§ What is needed
Everything in the records below from the line containing "Land of 800 m² in Vallirana (08759)" through the line containing "Porta retrato Oval" is to be reproduced exactly, those two lines included; no picture is to be copied.

§ Dataset extract
>>>>>

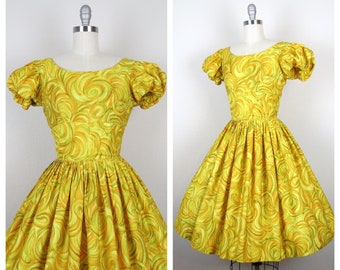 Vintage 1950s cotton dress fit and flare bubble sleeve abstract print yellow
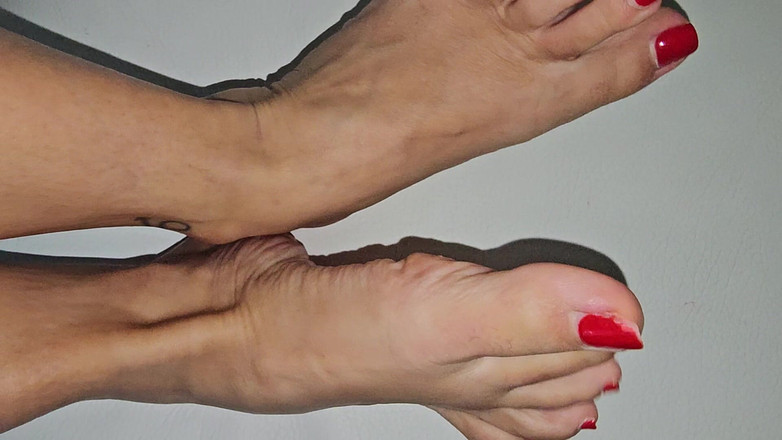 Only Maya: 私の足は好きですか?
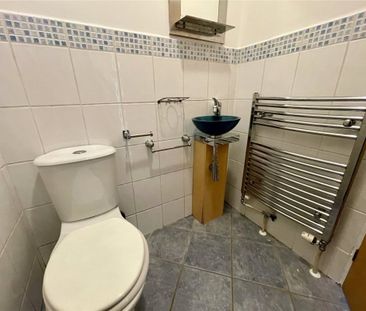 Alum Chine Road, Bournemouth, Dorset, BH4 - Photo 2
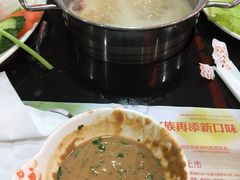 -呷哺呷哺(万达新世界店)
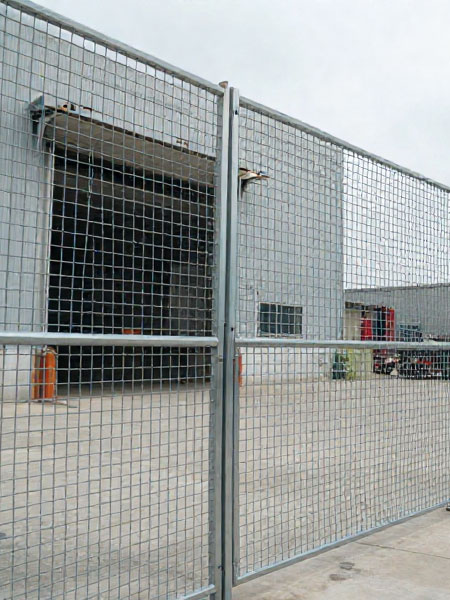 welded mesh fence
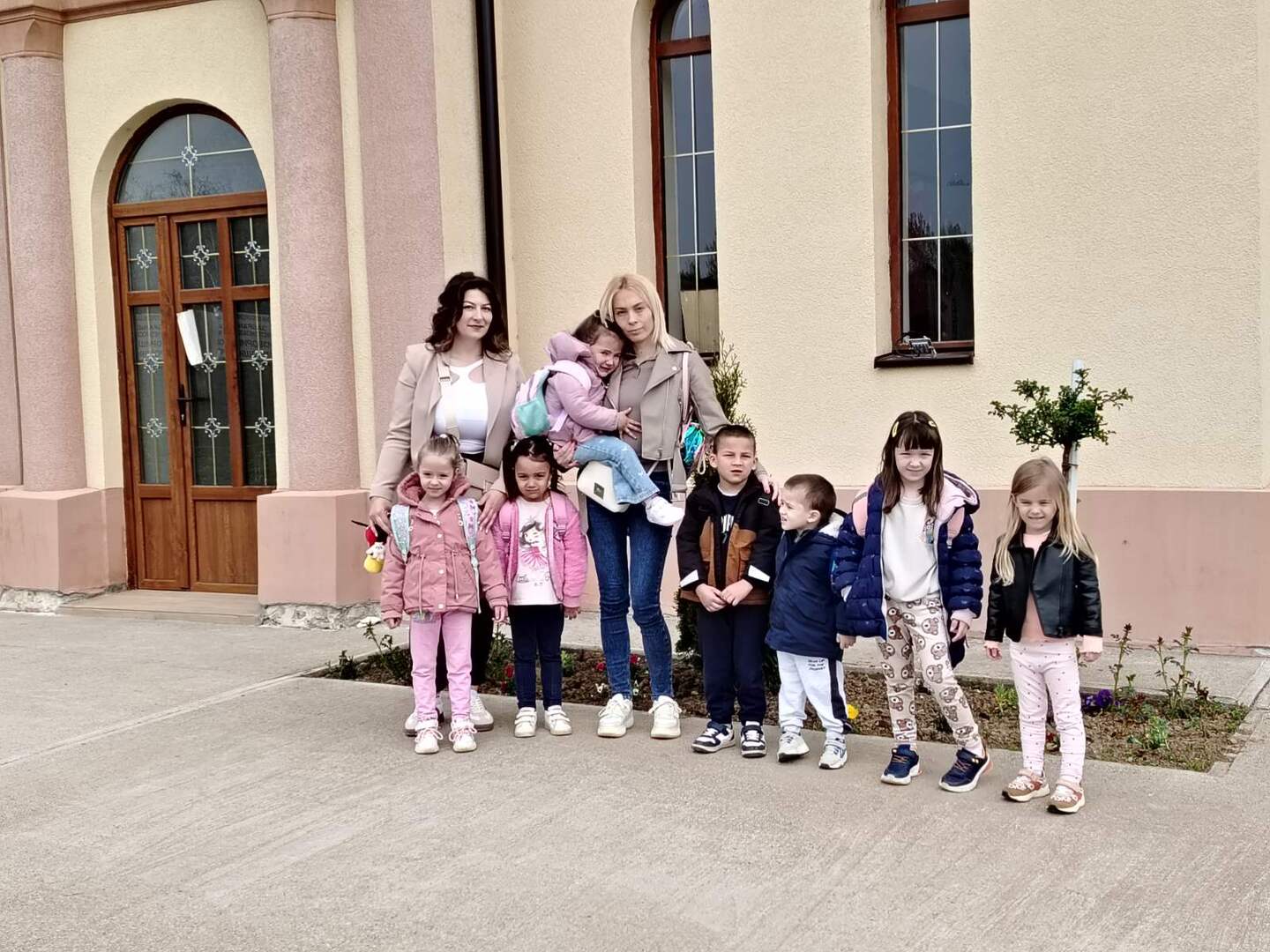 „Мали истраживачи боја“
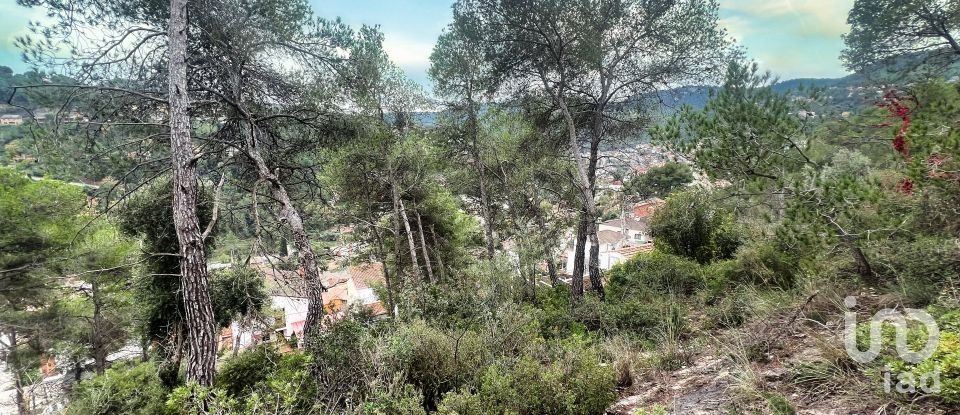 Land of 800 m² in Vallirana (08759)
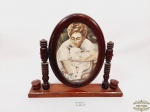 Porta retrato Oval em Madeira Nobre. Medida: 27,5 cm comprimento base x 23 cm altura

<<<<<
>>>>>

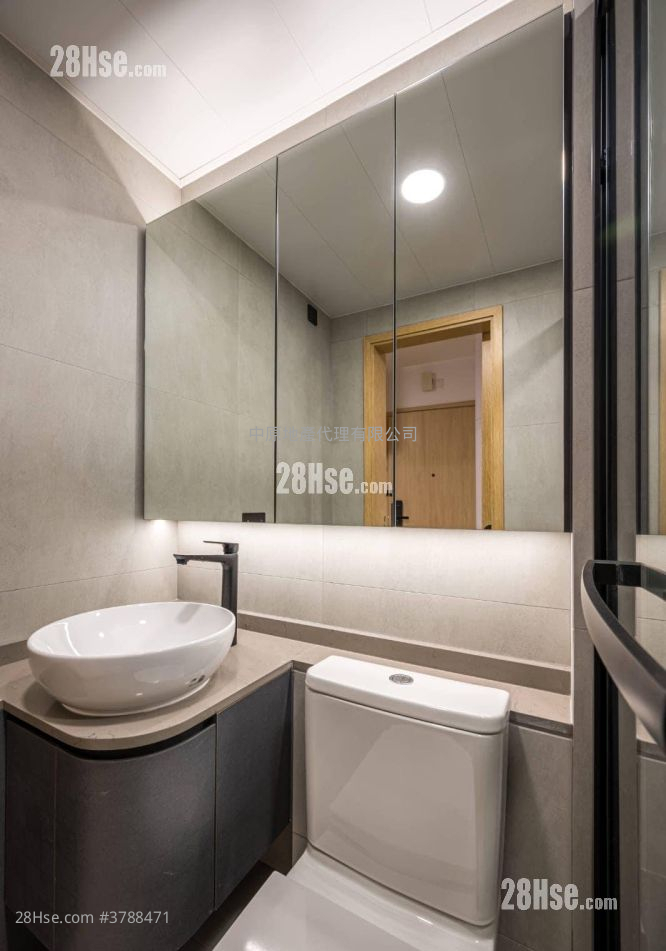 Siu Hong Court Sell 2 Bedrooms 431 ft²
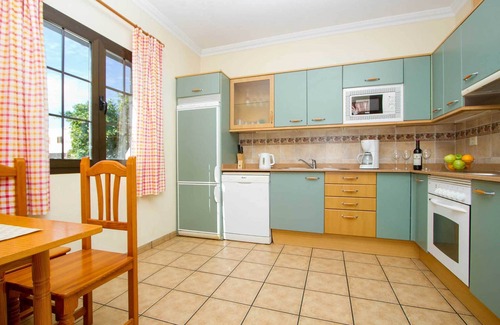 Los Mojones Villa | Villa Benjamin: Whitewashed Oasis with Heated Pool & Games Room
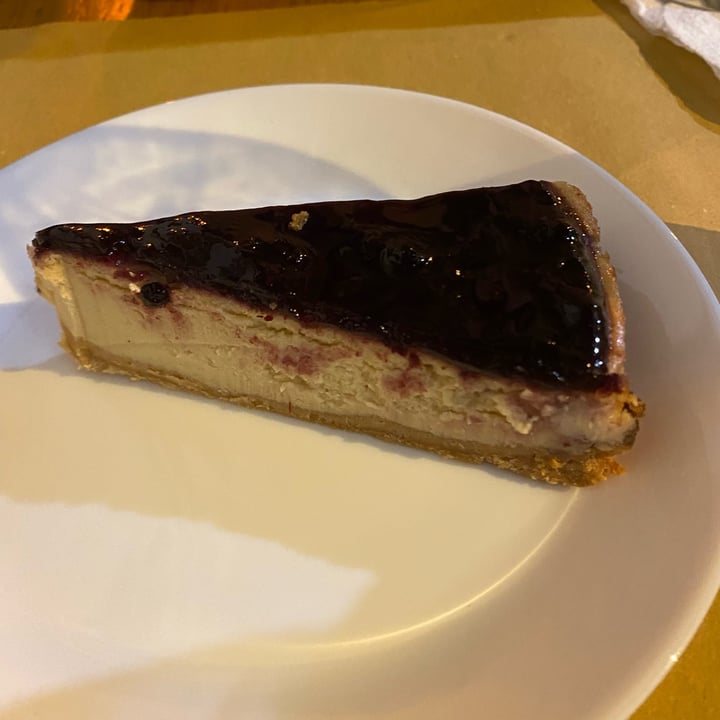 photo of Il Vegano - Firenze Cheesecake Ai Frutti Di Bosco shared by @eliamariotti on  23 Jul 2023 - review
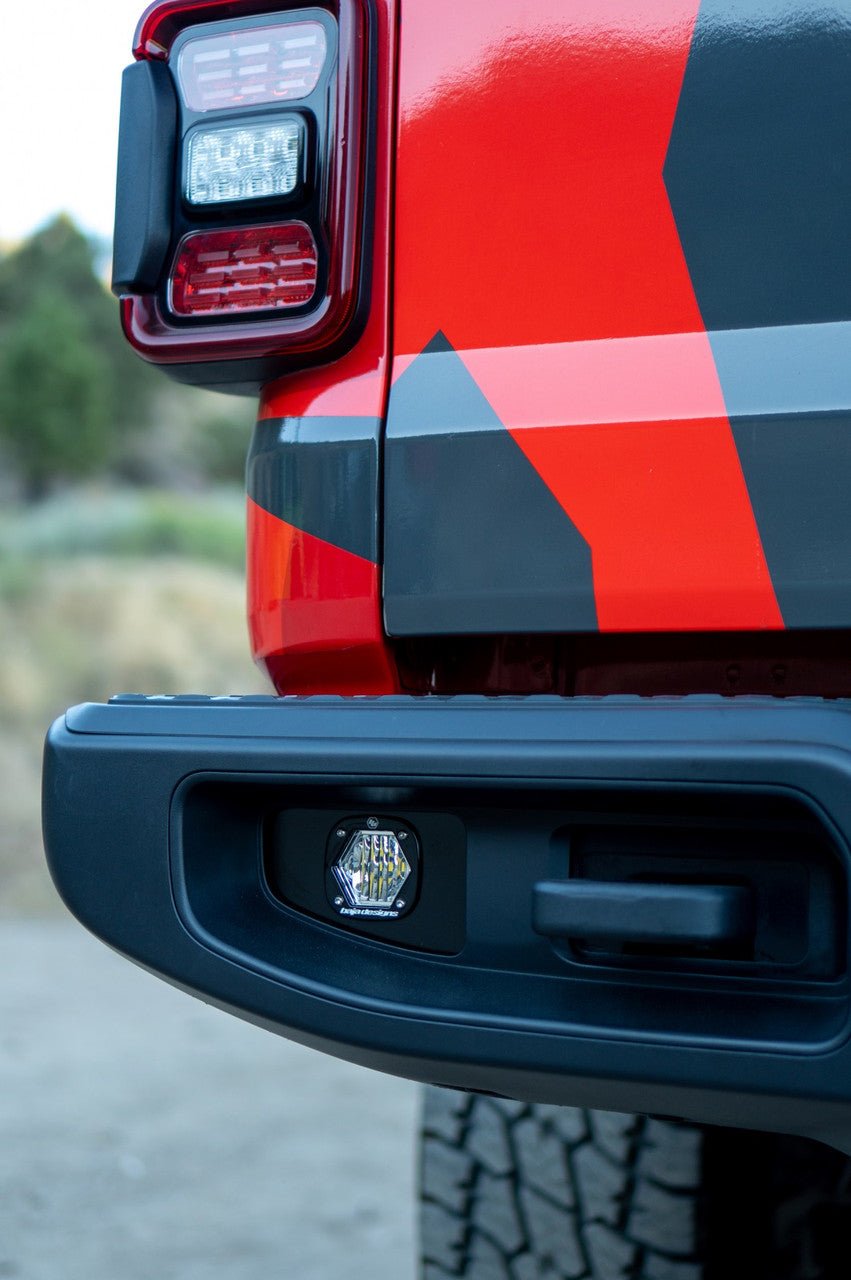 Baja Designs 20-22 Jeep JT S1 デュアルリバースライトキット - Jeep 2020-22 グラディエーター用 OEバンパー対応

<<<<<

§ Task answer
 Land of 800 m² in Vallirana (08759)
 Porta retrato Oval em Madeira Nobre. Medida: 27,5 cm comprimento base x 23 cm altura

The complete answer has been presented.